((

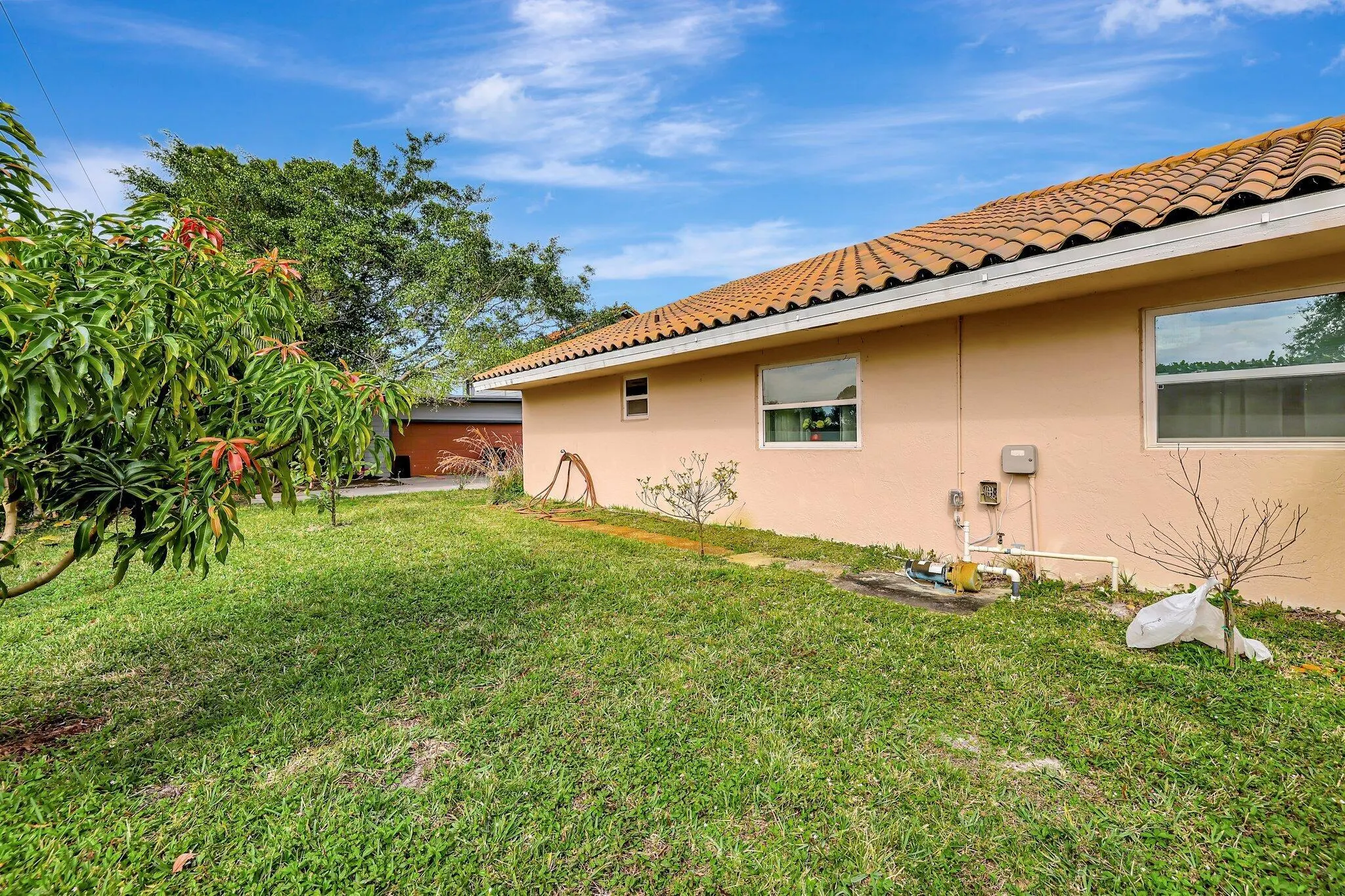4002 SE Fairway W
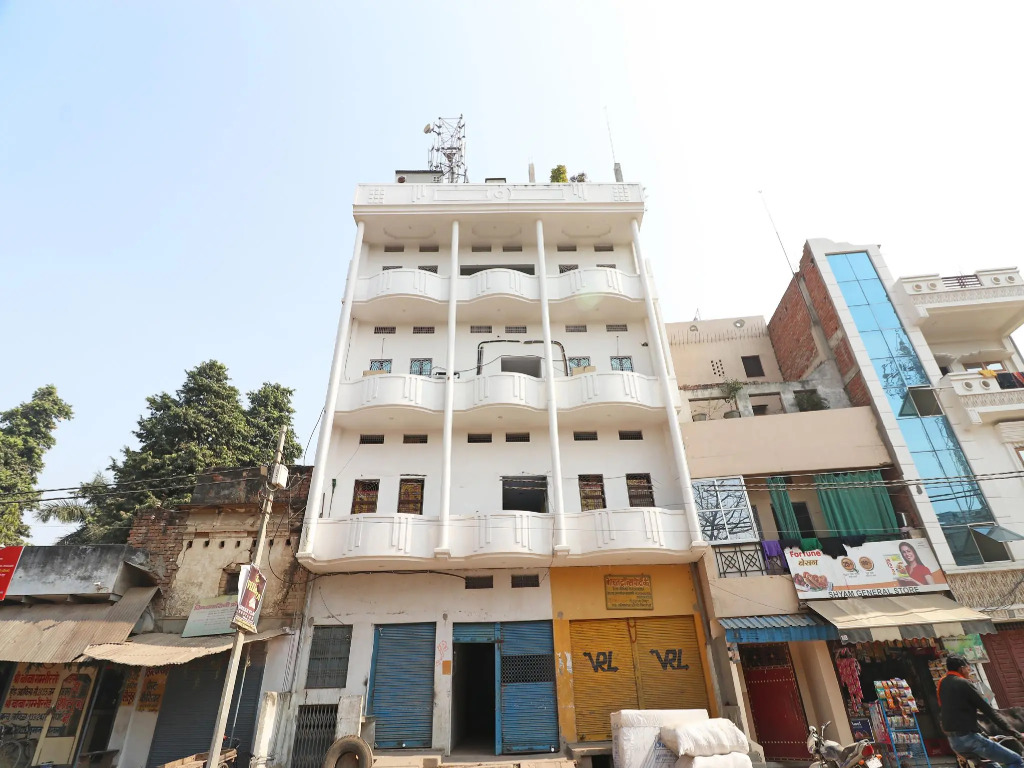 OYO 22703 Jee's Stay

))
((

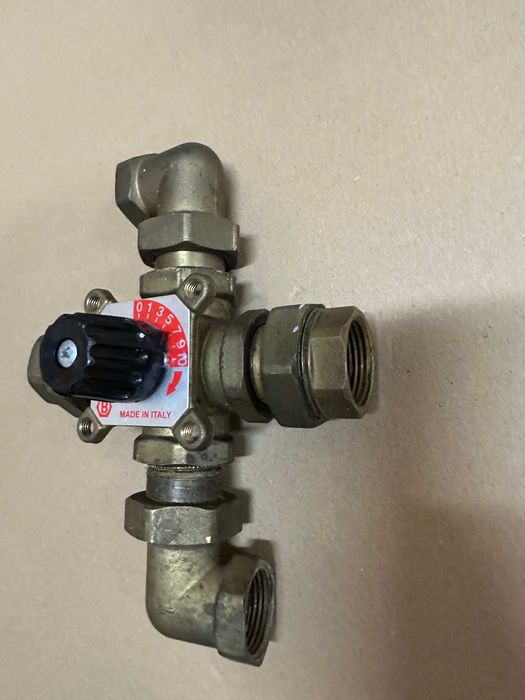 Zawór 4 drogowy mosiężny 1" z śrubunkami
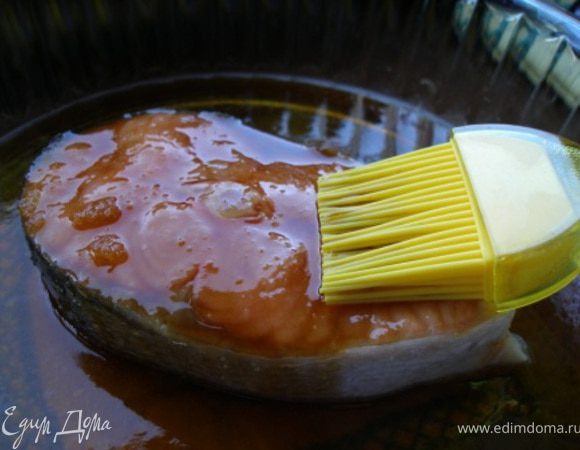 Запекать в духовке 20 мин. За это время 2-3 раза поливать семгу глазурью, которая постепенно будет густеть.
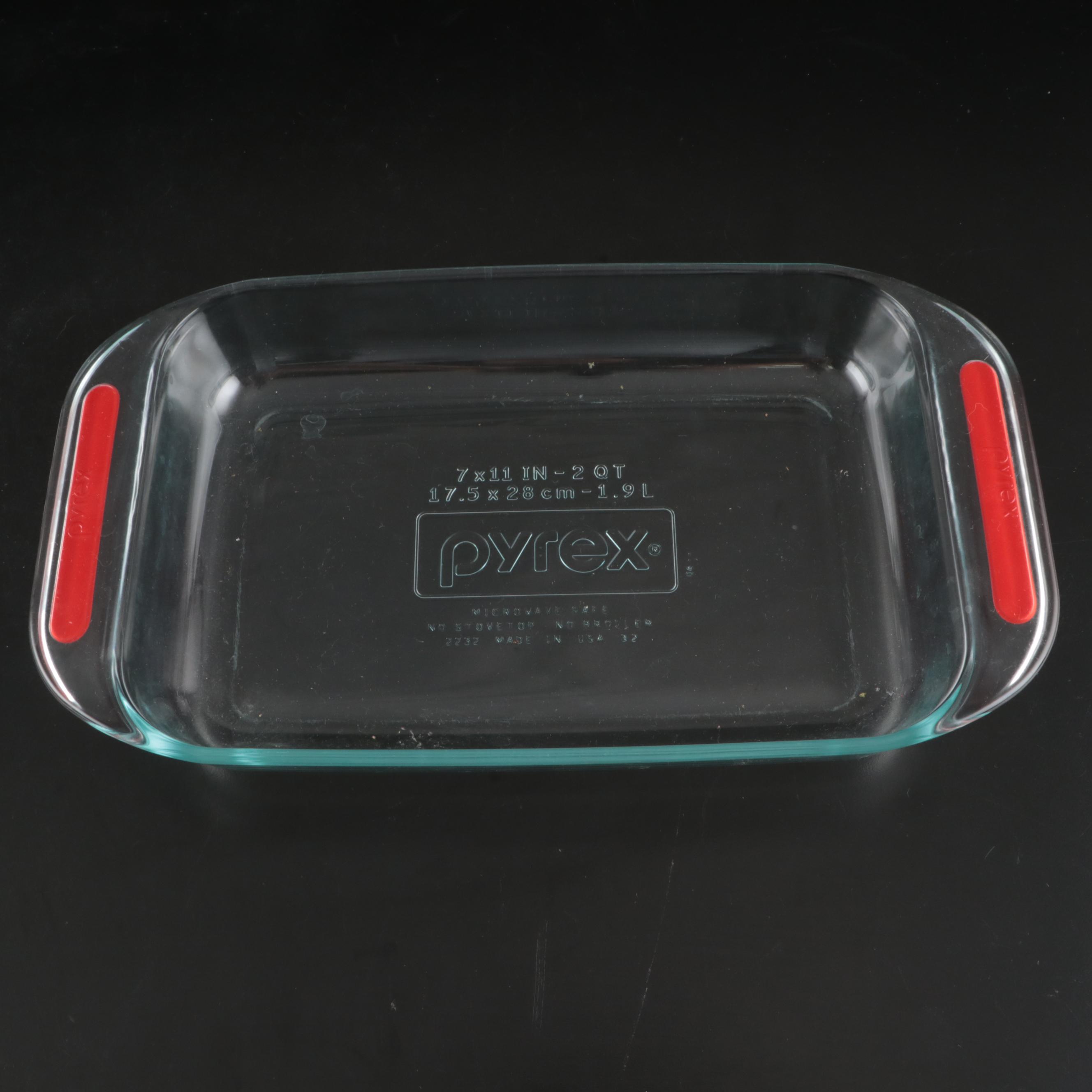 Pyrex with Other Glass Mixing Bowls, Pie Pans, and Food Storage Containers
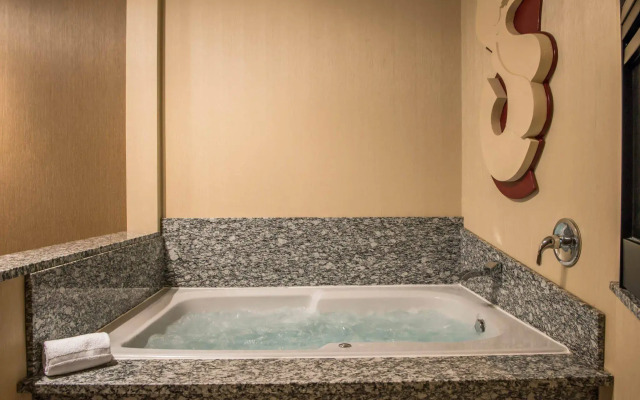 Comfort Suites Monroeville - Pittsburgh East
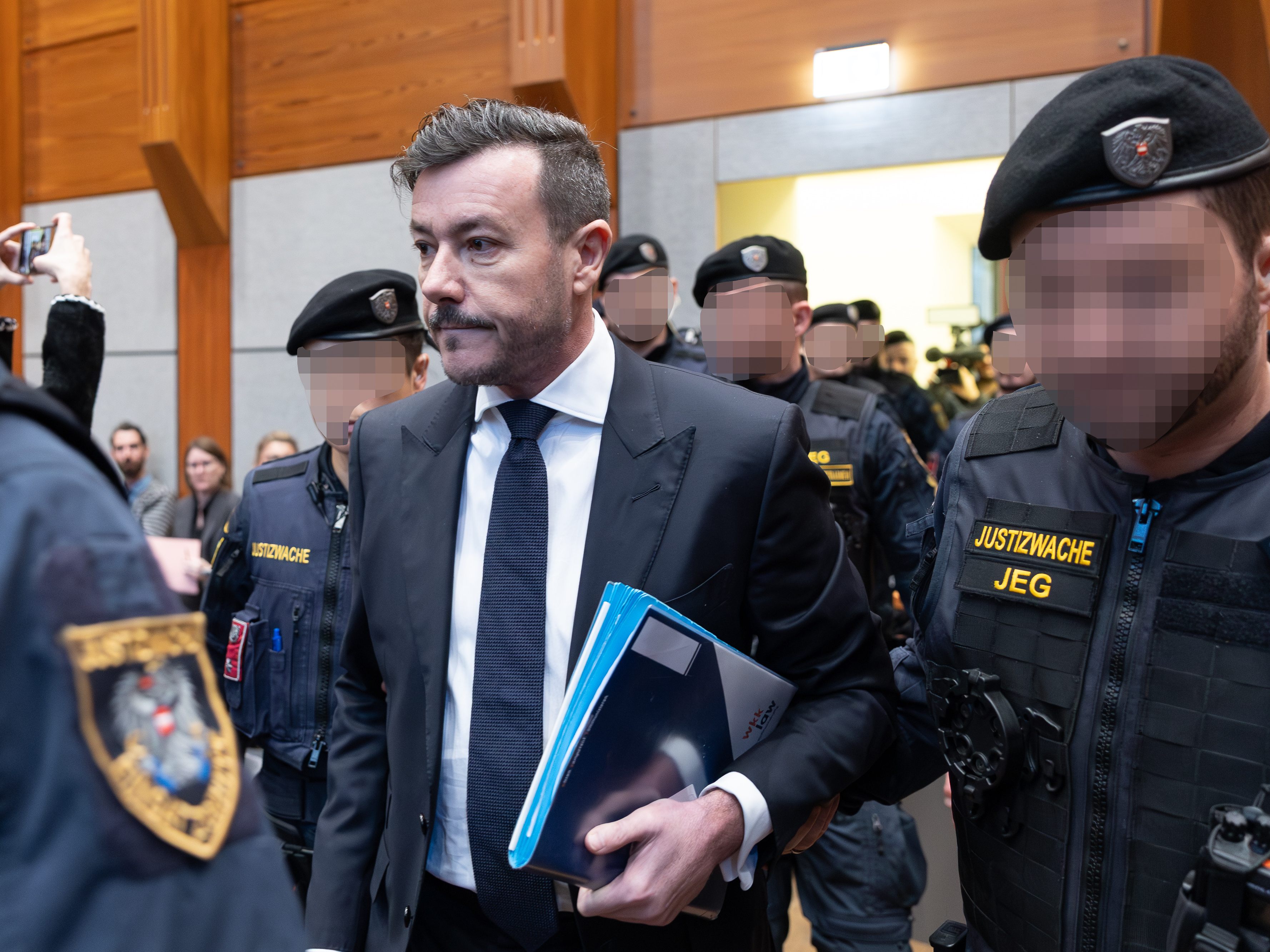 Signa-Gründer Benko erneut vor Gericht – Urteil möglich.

))

Exercise directions »
Your answer should consist of the lines above between those holding "Zawór 4 drogowy" and "Signa-Gründer Benko erneut", inclusive, reproduced word for word and without pictures.

Expected answer »
 Zawór 4 drogowy mosiężny 1" z śrubunkami
 Запекать в духовке 20 мин. За это время 2-3 раза поливать семгу глазурью, которая постепенно будет густеть.
 Pyrex with Other Glass Mixing Bowls, Pie Pans, and Food Storage Containers
 Comfort Suites Monroeville - Pittsburgh East
 Signa-Gründer Benko erneut vor Gericht – Urteil möglich.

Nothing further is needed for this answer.